As phenomena of factorization go, this one is fascinating to me, though actually only a minor insight:
Consider the discrete semiprimes (i.e., square-free composite numbers with only two prime factors) within the odd positive integers, and the prime factors of each one of them, p and q, ordered so that p<q.
Last year, I began compiling a table of these discrete semiprimes, listing for each such number m=pq its factors, the value of (m+1)/2, the Ceiling Root c (the ceiling of the square root of m, with one added if necessary to make it odd or even as (m+1)/2 is odd or even), the Remainder r (difference c2-m so that m=c2-r), and the Ascent: the difference between (p+q)/2 and c, always even, which is the least positive integer a to be added to c so that (c+a)2-m is a perfect square, giving m the form m=(c+a)2-t2 for some t, and thus enabling factorization via the identity x2-y2=(x+y)(x-y). I placed the discrete semiprimes in order in the table of ascending q as the primary sort key, and ascending p less than q for each q as the secondary key: so I started with p=3, q=5; then p=3, q=7 followed by p=5, q=7; then p=3, q=11 and so on.
It seemed a sensible way to arrange the table to look at properties.
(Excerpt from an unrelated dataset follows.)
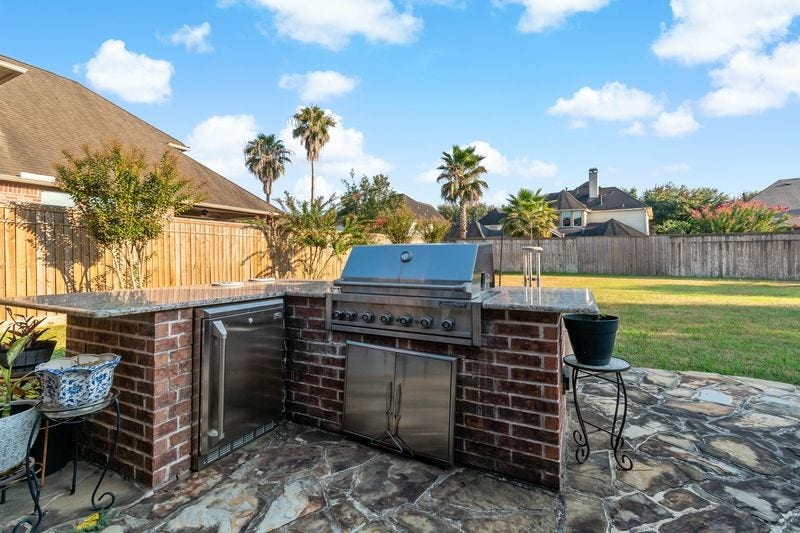 22 Waters Lake Boulevard, Missouri City, TX 77459 Experience outdoor living with this beautifully designed brick outdoor kitchen, featuring a built-in grill and ample counter space, perfect for entertaining in a spacious backyard.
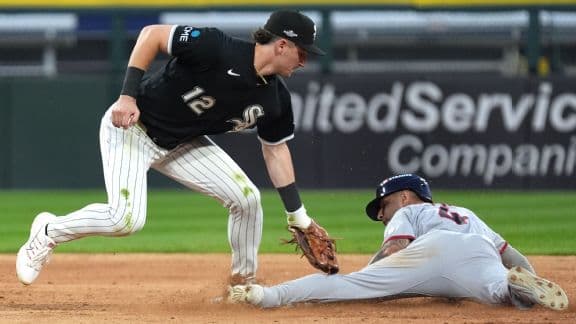 Cleveland Guardians shortstop Brayan Rocchio (4) steals second as Chicago White Sox shortstop Colson Montgomery (12) is late with the tag.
For each value of q, the Ascent descends in value as p ascends. Bumpiness in this distribution seemed at least partially attributable to bumpiness in the distribution of prime numbers – including composite numbers other than discrete semiprimes would have smoothed out some of these bumps. Also, I confined my attention after a while to discrete semiprimes with positive, i.e. non-zero, ascents, since the factorization method I have developed and am refining treats perfect-square differences with the square of the Ceiling Root as a special, easily factored, case where nothing need be added to that value to permit it.
During the last couple of days, I have been wondering how to reverse-engineer, so to speak, relationships and patterns between Ceiling Roots/Ceiling Squares and their Remainders on the one end, and the Ascent values needed to bring about this “Fermat factorization” on the other end. And, to that end, I started looking at these table entries in order, and at the Remainder values I would get for c+a-2, the values right before factorization breaks, so to speak.
This is new information to me that I am conveying, and I apologize for any lack of eloquence in expressing it.
I saw a rather straightforward distribution of differences between these “next-to-last” remainders and the ones that gave factorization. Now, after some thought, I see that though they are smooth, they are perhaps less exciting than I thought them to be earlier today, but still worth recording as a minor finding. Here are my text editor notes. You will see that the first several entries provide difference values that increase linearly by four. But the step in the table from 11*29 to 3*31 breaks that smoothly-increasing streak. Still, this is some smoothness worth studying.
51 = 10^2-7^2 = 3*17
= 8^2-13 (rem diff 36).
57 = 11^2-8^2 = 3*19
= 9^2-24 (rem diff 40).
95 = 12^2-7^2 = 5*19
= 10^2-5 (rem diff 44).
69 = 13^2-10^2 = 3*23
= 11^2-52 (rem diff 48) = 9^2-12 (rem diff 88).
115 = 14^2-9^2 = 5*23
= 12^2-29 (rem diff 52).
161 = 15^2-8^2 = 7*23
= 13^2-8 (rem diff 56).
87 = 16^2-13^2 = 3*29
= 14^2-109 (rem diff 60) = 10^2-13 (rem diff 156).
145 = 17^2-12^2 = 5*29
= 15^2-80 (rem diff 64) = 13^2-24 (rem diff 120).
203 = 18^2-11^2 = 7*29
= 16^2-53 (rem diff 68).
[261 = 19^2-10^2 = 9*29
= 17^2-28 (rem diff 72).]
319 = 20^2-9^2 = 11*29
= 18^2-5 (rem diff 76).
93 = 17^2-14^2 = 3*31
= 15^2-132 (rem diff 64) = 11^2-28 (rem diff 168).
155 = 18^2-13^2 = 5*31
= 16^2-101 (rem diff 68) = 14^2-41 (rem diff 128).